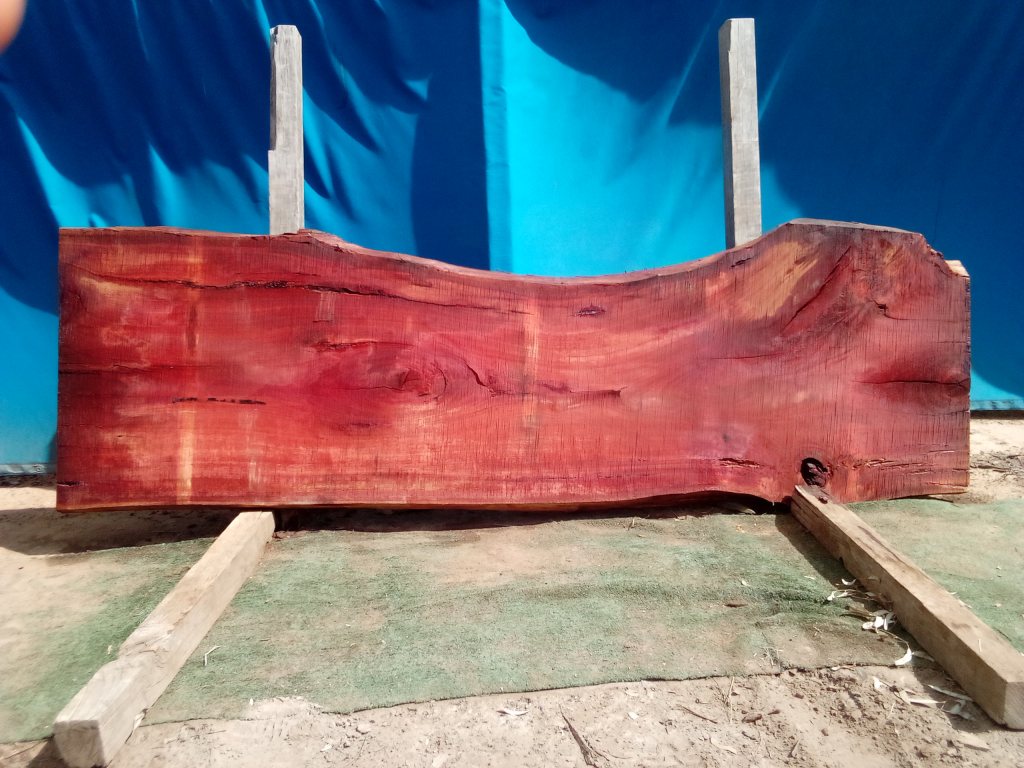 Sydney Blue Gum (TS869SBG)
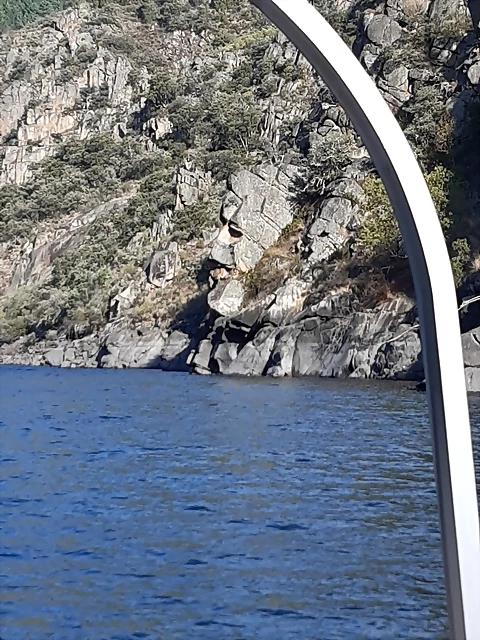 20191012_114556 20191012_114556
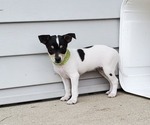 Small Rat Terrier
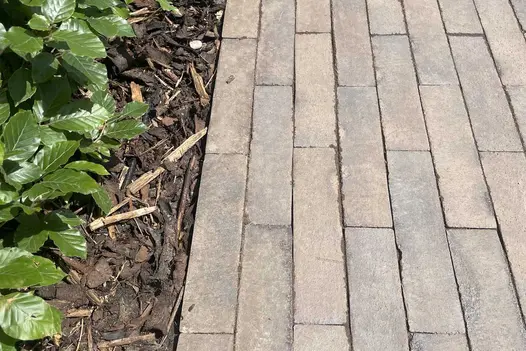 Chelsea clay pavers laid by Garden Design Company, next to bark mulch to bed with beech hedging, at Gardeners World Live 2022.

....................

● WHAT TO PRODUCE: Retype exactly the lines above, starting at the line containing "20191012_114556 20191012_114556" and ending with the last line, both included; leave out the pictures.

● SOLUTION FOR THIS EXERCISE:
 20191012_114556 20191012_114556
 Small Rat Terrier
 Chelsea clay pavers laid by Garden Design Company, next to bark mulch to bed with beech hedging, at Gardeners World Live 2022.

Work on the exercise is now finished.